Großstadt, kolorierter Linolschnitt/Pappe, 20×16 cm, 1959

 

Kleiner Junge mit Holzlokomotive am Band
Keiner Junge mit Spielzeug, Kugelschreiber/Papier, koloriert, 27 x 21 cm, 1963

Jeder fängt klein an. Mit dem Kugelschreiber zu zeichnen, war 1963 verpönt .

Vier Jahre zuvor war „G-man Jerry Cotton“ angesagt und seine New Yorker Stadtkulisse Anregung zu einer Reihe von Hochhauslandschaften. Ein Referat über Wassily Kandinsky führte mich zu eigenen „Kandinskys“.

Zusammen, Aquarell/Papier, 40×30 cm, 1964

 

Miteinander, Tusche/Papier, 32×22 cm, 1963

 

Hommage an Wassily Kandinsky, Aquarell/Papier, 14x14xcm, 1964

 

Hochzeitstanz, Wasserfarbe/Papier, 29×39 cm, 1958

Bereits in der „Quarta“ hatte ich mich einmal an Arbeiten einer oberen Schulklasse orientiert. Bernd Figgemeier erinnert sich vielleicht an seine Obertertia.

Den Farbraum des frühen Kandinsky – gegenständlich expressiv – habe ich 2017 mit einem nicht gegenständlichen Bild besucht:  „Zurück zu den Wurzeln“ .

Zurück zu den Wurzeln, Acryl/Lw., 80×70 cm, 2017

Aus den Jahren 1964 und 1965  zwei Arbeiten: Im Frühjahr 1964 hatte ich die Schule abgeschlossen. Aus dieser Zeit stammt ein Bild zu einem religiösem Begriff: Gnade.

Das zweite Werk knüpft an die Großstadtbilder von 1959 (s. Linolschnitt oben) an: Hochhaushimmel.

Hochhaushimmel, Aquarell/Papier, 50×36 cm, 1965

 

Gnade, Tusche/Papier, 21×32 cm, 1964

Grundwehrdienst und ein Semester Studium der Architektur an der Universität Karlsruhe folgten der Schulzeit. Ich erinnere mich an Prof. Egon Eiermann (z.
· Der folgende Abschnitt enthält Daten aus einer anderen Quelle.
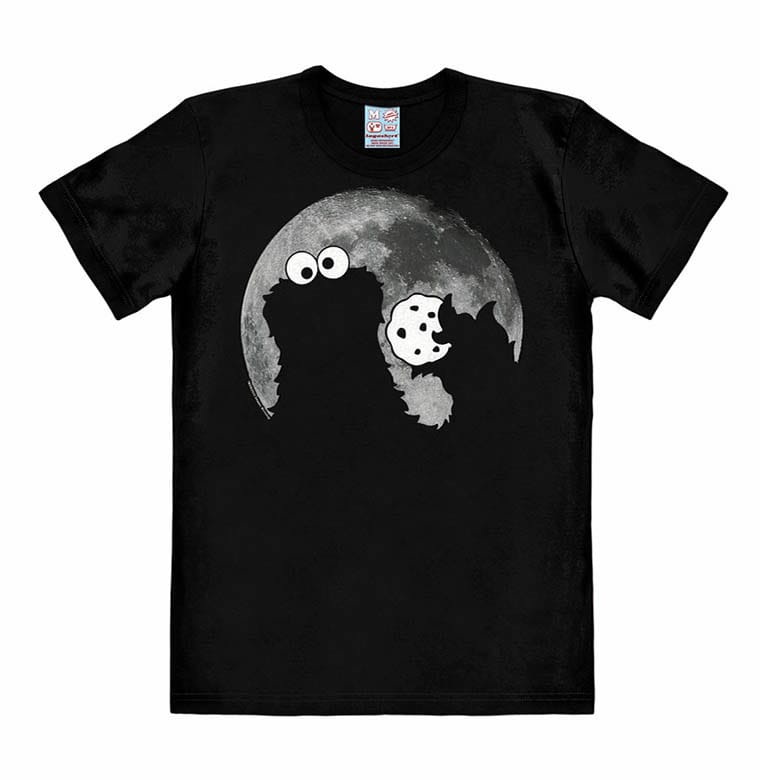 Sesame Street Easy Fit T-Shirt Cookie Monster - Moon Size L T-shirts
B. Neubau der Kaiser -Wilhelm-Gedächtniskirche in Berlin): Die Kongresshalle in Berlin – im Volksmund „schwangere Auster“ – ist ein Gebäude „auf Krücken“.
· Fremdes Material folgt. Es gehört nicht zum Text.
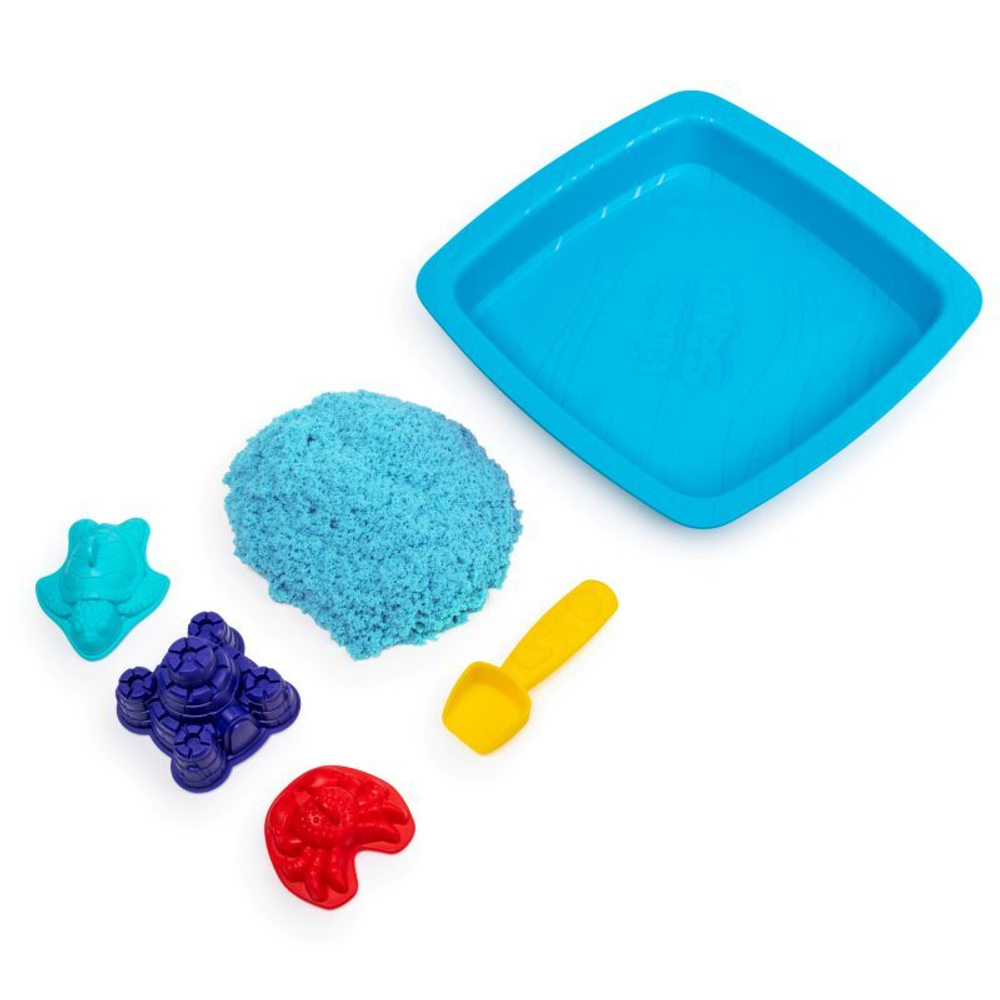 Kinetic Sand - Набор замок из кинетического песка с песочницей синий 454г 20106636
Taue, Bleistift/Papier, 21×27 cm, 1965

„Taue“ war Teil der Aufnahmeprüfung. Aus persönlichen Gründen wechselte ich das Studium, studierte an der jungen Ruhr-Universität-Bochum und in Würzburg Rechtswissenschaften. Referendarzeit,  Hochschule für Verwaltungswissenschaften in Speyer, danach berufliche Tätigkeit in der öffentlichen Verwaltung – ab und zu Malerei.

Links eine abstrakte Malerei auf Papier, daneben zwei Versuche mit Ölfarben.

Hauswand, Mischtechn./Papier, 41×30 cm, 1993

 

Spatzen, Öl/Papier, 48×35 cm, 1995

 

Gesträuch, Öl/Papier, 48×36 cm, 1996

Eine Empfehlung führte mich 2007 an die Bochumer Malschule von Silvia Szlapka. Einmal in der Woche experimentiere ich in dort mit Acryl in freundlicher unterhaltsamer Atmosphäre. Seit Oktober 2008 bin ich Mitglied der Ateliergemeinschaft  „HofATELIER“ in Altenbochum.

Sessel im Atelier von Silvia Szlapka, Acryl/Papier, 51×29 cm, 2007

 

Zugspitzblick, AcrylPapier, 42×55,5 cm, 2008

Sowohl der Sessel wie die Landschaft zeugen von dem Bemühen, das gesehene Bild recht genau wiederzugeben. Den Sessel hatte ich im Ateilier persönlich vor Augen, der Zugspitzblick bot sich nach einer Wanderung über den „Schönkahler“ bei Pfronten für ein Foto an.